As administrator of Maddie's Fund, the $200 million no-kill fund donated by Cheryl and David Duffield (PeopleSoft), Avanzino explained the goal in a little more detail: ".when we reach the juncture where healthy, adoptable shelter animals can be guaranteed a home throughout the nation, Maddie's Fund will then focus its resources on funding programs to rehabilitate the sick, injured and poorly behaved." [2]
"No-kill" marketing
In yet another effort to clarify the term, Maddie's Fund offers the following perspective on their web site: "As much as anything, no-kill is a rallying cry; a slogan that defines a movement: The term clearly and powerfully protests the status quo, that being the killing of millions of savable animals in the nation's animal shelters every year."
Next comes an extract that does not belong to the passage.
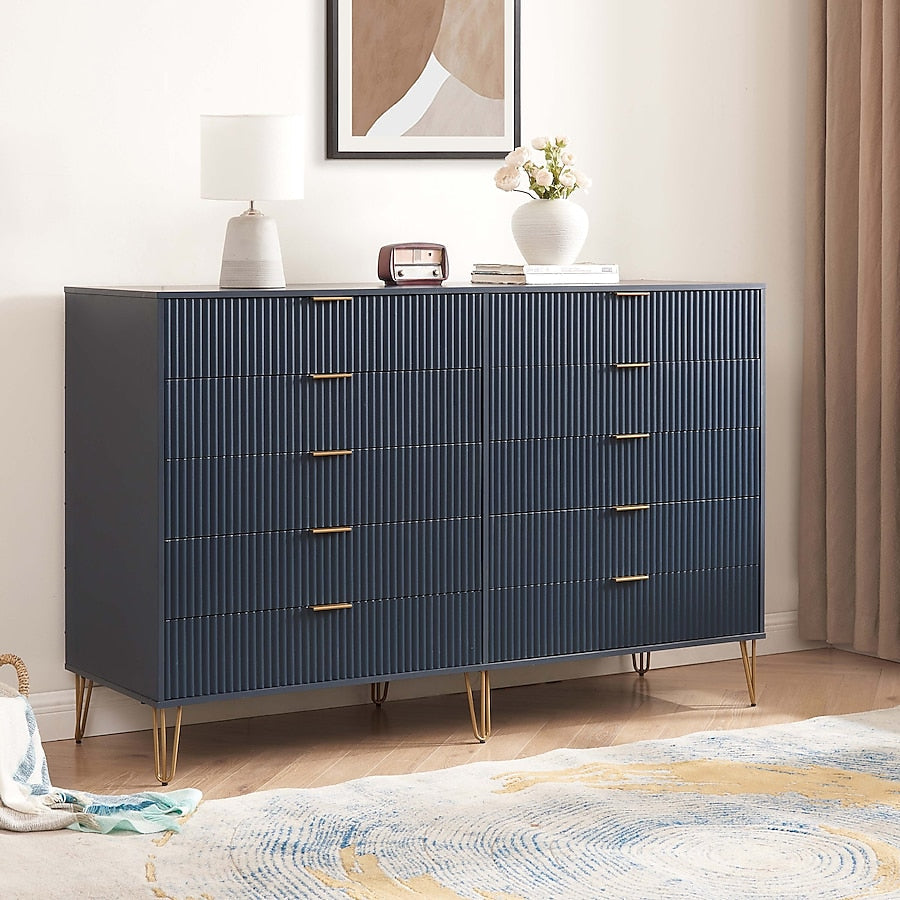 Manhattan Comfort DUMBO Midnight Blue Modern 10-Drawer Double Tall Dresser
Whether or not Avanzino's vision ultimately prevails, to his enormous credit he has already succeeded in reframing one of the most negative animal welfare issues of this century by focusing attention on finding solutions rather than problems. The term that no-kill replaces in the animal protection lexicon is "pet overpopulation," a term that has been detrimental to progress from the beginning because it defines the entire surplus animal problem in terms of breeding. It makes villains out of all breeders; no matter how responsible, no matter how great the demand for their carefully bred and reared puppies or kittens, and no matter how much they contribute to the welfare of animals. Pet overpopulation defined the problem simply as oversupply. It overlooked the demand side of the equation entirely; i.e. that people actually want well-bred, well-socialized puppies and kittens. It also made no distinctions among suppliers and thereby devalued the importance of responsible breeding, training and pet placement practices that are so critically important to successful pet ownership.
Maddie's Fund, however, focuses on supply and demand. On the supply side it promotes aggressive spay and neuter programs. On the demand side it recommends marketing shelter animals, keeping longer shelter hours, working with everyone who wants to help, and most importantly, it focuses efforts on a positive and attainable goal - saving adoptable and then treatable shelter animals. With that, Maddie's Fund and Avanzino have overcome decades of negativism and provided shelter workers and activists alike with their first real chance to succeed.
Virtually all successful marketing campaigns rely on abbreviated tag lines to convey complex ideas in simple terms. None are wholly satisfactory because they are all subject to misunderstanding and misuse. "No-kill" offers particularly fertile ground for being misused, but that does not mean that the concept as put forth by Maddie's Fund is flawed; only that some people are misusing it.
Shelters in transition
Thankfully, because of decades of effort and innovations, the surplus animal problem has entered a new epoch. Using Multnomah County as an example again, euthanasia for dogs has dropped to approximately 10 percent of its mid-1970's rate despite sizeable human population increases during the same period. Even more significant is the fact that as euthanasia totals decrease, the number of euthanized adoptable animals also decreases until it finally reaches zero. Personnel at both the private and the public shelters in Multnomah County indicate that they no longer euthanize adoptable dogs. This means that the number of puppies and dogs bred and placed each year in Multnomah County from all sources, dog breeders, rescues, shelters, pet stores, and giveaways, now approximates the demand for puppies and dogs.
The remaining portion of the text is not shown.